What to do now? Answer: Fix cold feet problem by insulating the
ski boots with heat-reflecting foil using USD 2 worth of materials.
Time spent: approx. 1 hour. Satisfaction: very high.
What you need:
Some packing tape and scissors.
A sheet of heat reflective foil ("Mylar emergency blanket" and
"Space blanket" are some common names for it, he who Googleth, findeth).
How to do it:
Remove the inner boots/linings from your ski boots.
Cut a 30cm strip of the blanket so that it covers the area starting over the toebox,
going under the sole and up a bit on the rear of your inner boots.
Fold the strip double and apply using the packing tape.
Apply tape to cover the whole surface of the blanket to protect
it from damage when re-inserting the inner boot/lining.
Enjoy your warm feet on the slopes!
HANDS, same prior assumptions:
1. Neoprene Mitt covers?
2. Thin gloves silk?
3. Chemical warmers?
4. Baby Powder and Cayenne?
Tue Dec 10, 2013 12:05 pm
Hotronics or something similar are the best way to go for boots. I had mild frostbite of my feet on a winter mountaineering trip back in college and have been using Hotronic heaters for the past 25 years. Without the I would not be able to ski most of the winter.
If your boots are fitted properly, there is probably little if any room for chemical heat packs.
I've experimented with VBL approaches and found they don't make a lot of difference for me. Same with mylar liners. YMMV.
Never used the neoprene Boot Gloves but I know others who say they work.
Loose buckling defeats the purpose of correctly fitting your boots. Again, with a properly fitting boot and liner, you don't need to super-tighten your buckles. If you are, you're compensating for a packed out liner, meaning it's time for a replacement. Sure, on a cold day loosening the buckles while standing in the lift line and on the chair is fine, but not while skiing.
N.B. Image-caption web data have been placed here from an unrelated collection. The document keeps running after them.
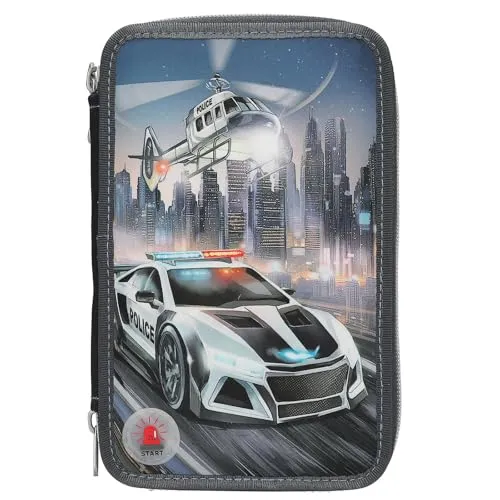 DEPESCHE MONSTER CARS Federtasche LED Polizeiauto 3-Fach gefüllt - Federmäppchen für Jungen mit coolem Polizei-Rennwagen-Design, gefüllt mit 18 Stiften, Schere und mehr. Cooles Extra: Blaulicht und Scheinwerfer leuchten auf Knopfdruck!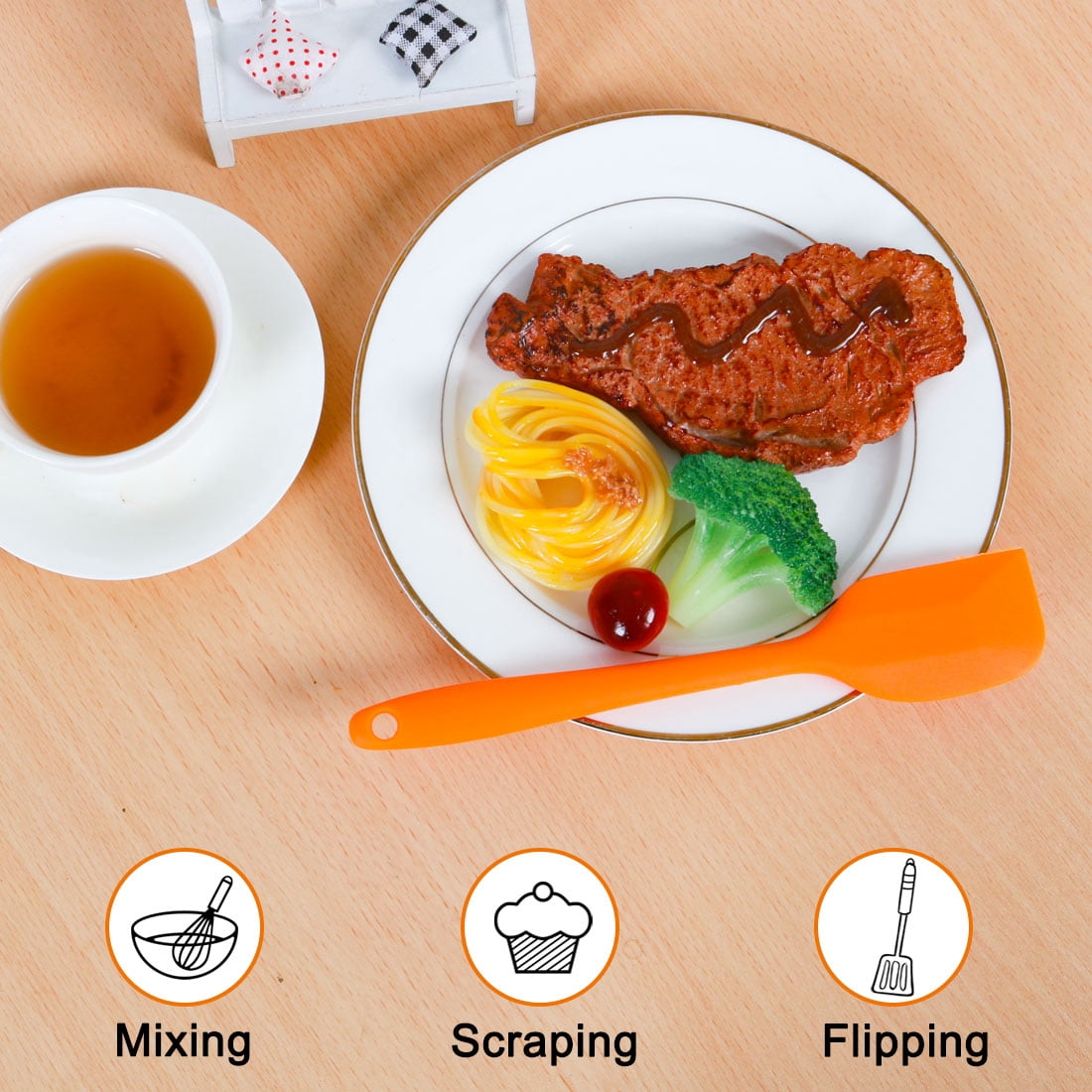 Unique Bargains Silicone Spatula 4 Pieces Heat Resistant Non Stick Turner Orange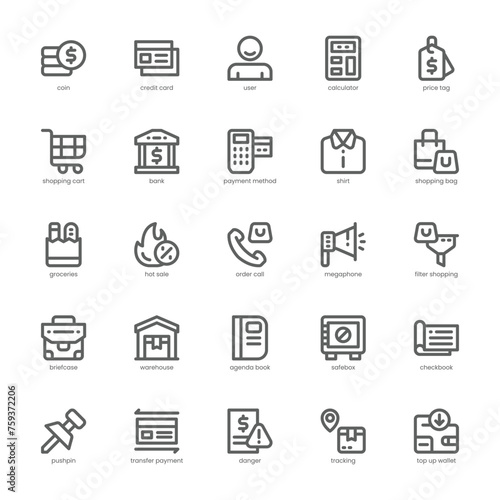 Shopping and Payment icon pack for your website  mobile  presentation  and logo design. Shopping and Payment icon outline design. Vector graphics illustration and editable stroke.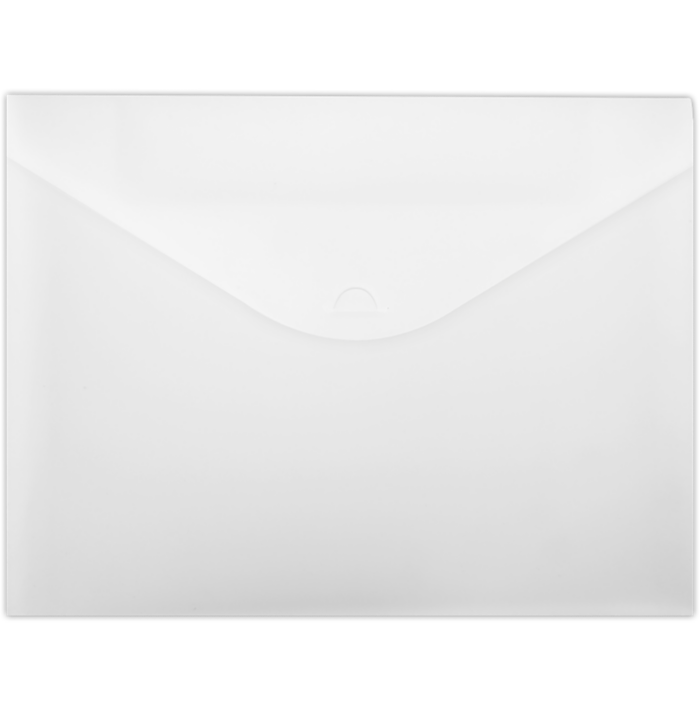 Poly Envelope w/Half-Moon Closure (9 1/2 x 12 1/2, Flap 4 1/2) Frosted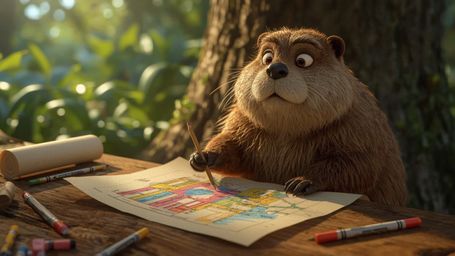 A highly detailed, high-resolution stock photo captures a beaver with a gentle, kind face and sparkling eyes, busily building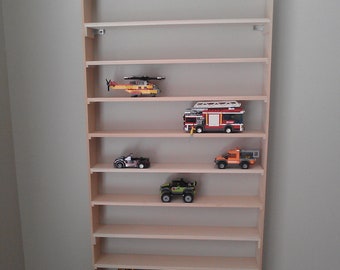 Hot Wheels, Matchbox, Cars, Monster Trucks, Legos, Planes Fire and Rescue, wall display rack, toy storage, boy room decor, - Extra Large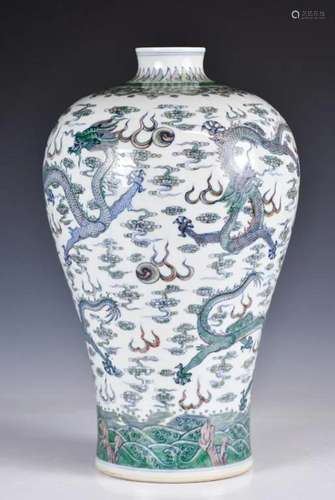 A Doucai Vase, Qianlong Mark,19th C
For hands, I use chemical warmers, liner gloves, and when really necessary, mittens. Be careful with liner gloves - if wearing them makes the gloves too tight, then your hands will actually be colder.
Recall also that if your hands and feet are cold, it may mean that you're loosing too much heat from your body and it's the body's way of compensating by slowing down the blood supply to the extremities. That old mountaineering adage exists because it's often true: if your feet are cold, put on a hat.
Sat Sep 20, 2014 3:03 am
This post is really helpful for those who are new to skiing . By this post I got a lot of information about using boots and various tricks to stay warmth in cold climate.As I faced lot of problem last winter season when I tried skiing first time. I hope this time with the help of these tips I would be able to stay warm and enjoy skiing in coming winter vacations.
Thu Dec 03, 2015 11:00 am
Just browsing these old posts. I buy chemical hand and toe warmers by the box. For the first time last season, i found that if I neglect to take them out of the gloves for an extended period, the casing actually disintegrates. When I finally took them out, the grey powder spread all over the place. I've used the three major brands interchangeably, so I can't be sure which brand I have. I also have a new box every season, since I go out in the bitter cold a lot. I have also found that placing the hand warmers on the back of my hand, nearest to the fingers as possible works best for me.
Thu Dec 03, 2015 11:03 am
Love to hear from someone using boot gloves. One of my friends swears by them. They are short money so I may give them a try on the coldest of days. May look a little dumb, but if I enjoy the day more, that's all that matters!